Felipe VI, como rey, tiene, como hemos visto, un imperium limitado (como ha de ser), pero en sus diez años de reinado ha ganado una enorme auctoritas. Y lo ha hecho con las herramientas de que dispone, que es la palabra y los gestos.
En cuanto a la palabra, siempre contará en su haber el discurso más importante en la democracia española, el que pronunció el 3 de octubre de 2017, y del que ya me ocupé hace años. Era un discurso necesario e impecable en su contenido, una defensa nítida de los valores constitucionales y una descripción ajustada de lo que estaba sucediendo; una descripción que nadie más se había atrevido a hacer.
En los años que siguieron siguió acertando en los mensajes que trasladaba a la sociedad y en este último año su presencia en las zonas afectadas por la DANA, a la que me refería antes y que sintetizó muy bien un dibujante francés, volvieron a mostrar que es muy consciente de lo que se espera de él en cada momento.
Y ayer volvió a dar un discurso pleno de auctoritas. La llamada a la búsqueda del bien común, la reivindicación de la Constitución como marco de convivencia y la articulación del debate político con el respeto y, sobre todo, con la búsqueda de lo que es mejor para todos, debería ser santo y seña de la política. Trató los temas más candentes, sin eludir la situación internacional, la crisis de la democracia y los problemas de la vivienda; y en todos ellos aportó una perspectiva sensata basada en lo que debería ser la piedra angular del debate político: lo que marca la Constitución de 1978.

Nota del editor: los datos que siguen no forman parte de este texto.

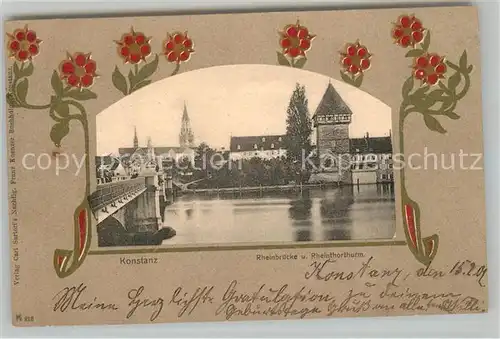 AK / Ansichtskarte Konstanz_Bodensee Rheinbruecke und Rheintorturm Rahmen Blumen Konstanz_Bodensee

El rey no se mueve, está donde tiene que estar. Por desgracia, lo extraño es que tengamos que alabar lo que deberían ser lugares comunes por todos sabidos. El drama que vivimos es que lo que dice el rey será cuestionado por muchos que no solamente reniegan de la Constitución de 1978 (es legítimo discrepar de ella), sino que ejercen sus cargos públicos al margen de las exigencias de dicha Constitución (y esto ya no es legítimo ni debería ser admisible). El problema es que el discurso del rey, que debería ser trivial, se ha convertido en radical en una sociedad en la que priman los intereses de grupo sobre los comunes.
Creo que haremos bien en reivindicar esa radicalidad del monarca, porque es en los valores que aparecen en su discurso donde podremos recuperar la convivencia y la calidad democrática que tanto se ha deteriorado en los últimos años.
Tenemos suerte de que en estos tiempos difíciles, nuestro rey sea Felipe VI. Sin la auctoritas que ha adquirido todo sería mucho más difícil y la esperanza será mucho menor.